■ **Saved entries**
-.-.-

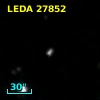 LEDA   27852
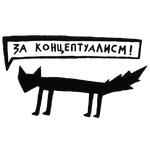 fafafa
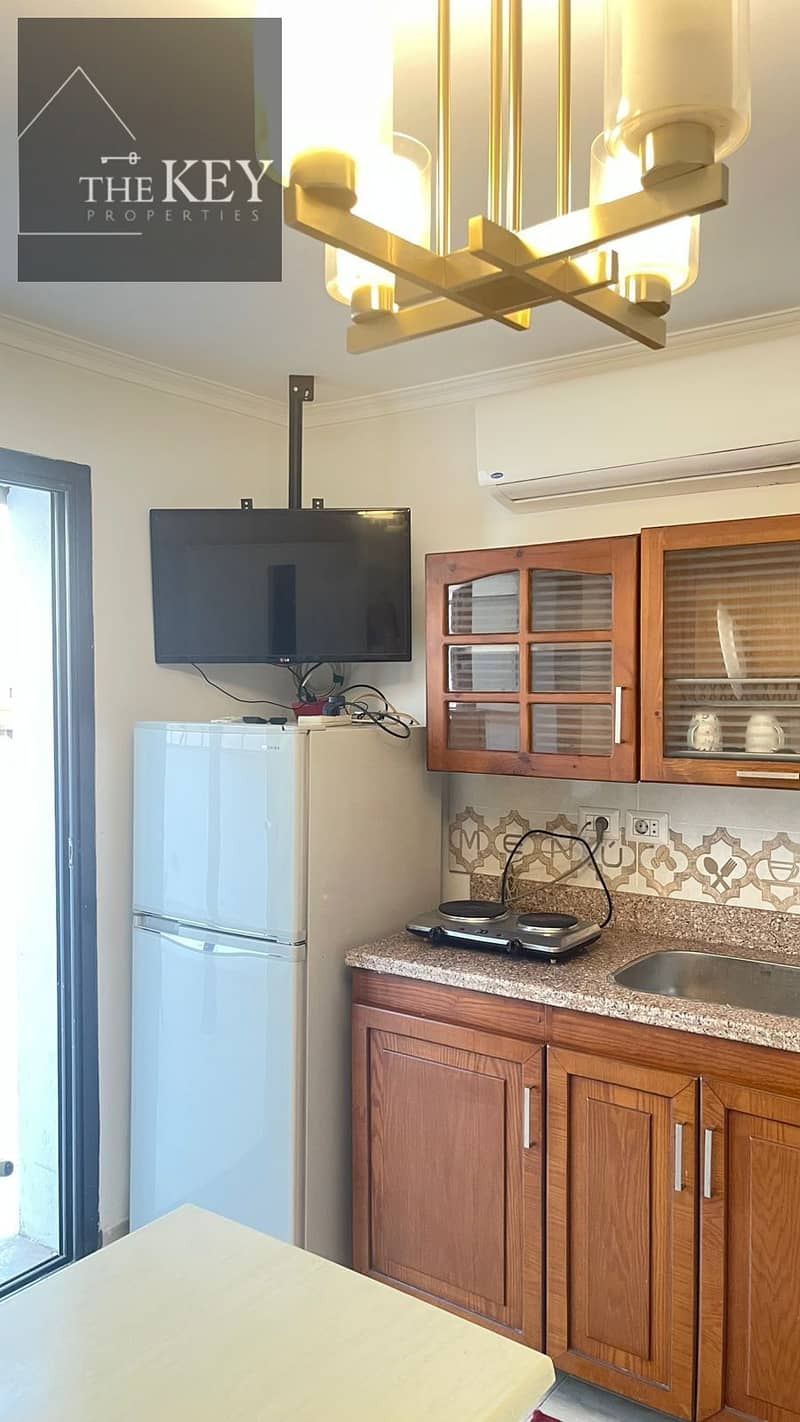 7 WhatsApp Image 2025-10-14 at 9.13. 29 PM (2). jpeg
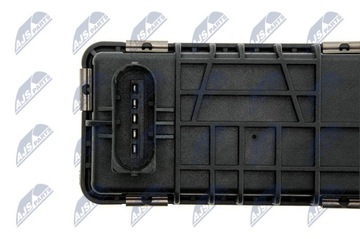 фото thumb №11, Регулятор турбокомпрессора do bmw 5 e61 525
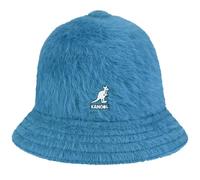 Kangol Furgora Casual, Béret,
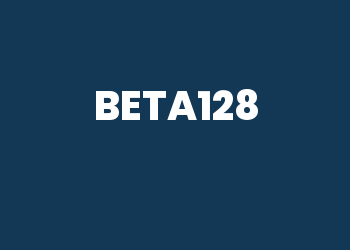 Beta128 Slot Online Gacor Hari Ini – Jackpot & Bonus Menarik Menanti!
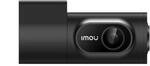 Imou T800 - 4K WLAN-Dashcam - Schwarz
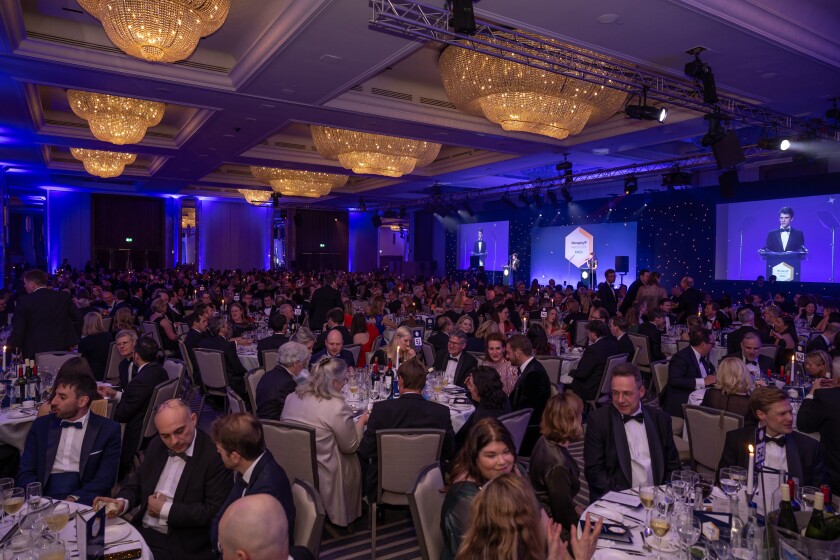 EMEA Awards audience.jpg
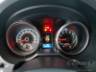 2008 MITSUBISHI PAJERO FULL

-.-.-

■ **PROBLEM TO WORK ON**
Exactly the lines from the one containing "7 WhatsApp Image" to the end of the records above, both end lines included, are to be printed, and no pictures with them.

■ **ANSWER FOR THE TASK**
 7 WhatsApp Image 2025-10-14 at 9.13. 29 PM (2). jpeg
 фото thumb №11, Регулятор турбокомпрессора do bmw 5 e61 525
 Kangol Furgora Casual, Béret,
 Beta128 Slot Online Gacor Hari Ini – Jackpot & Bonus Menarik Menanti!
 Imou T800 - 4K WLAN-Dashcam - Schwarz
 EMEA Awards audience.jpg
 2008 MITSUBISHI PAJERO FULL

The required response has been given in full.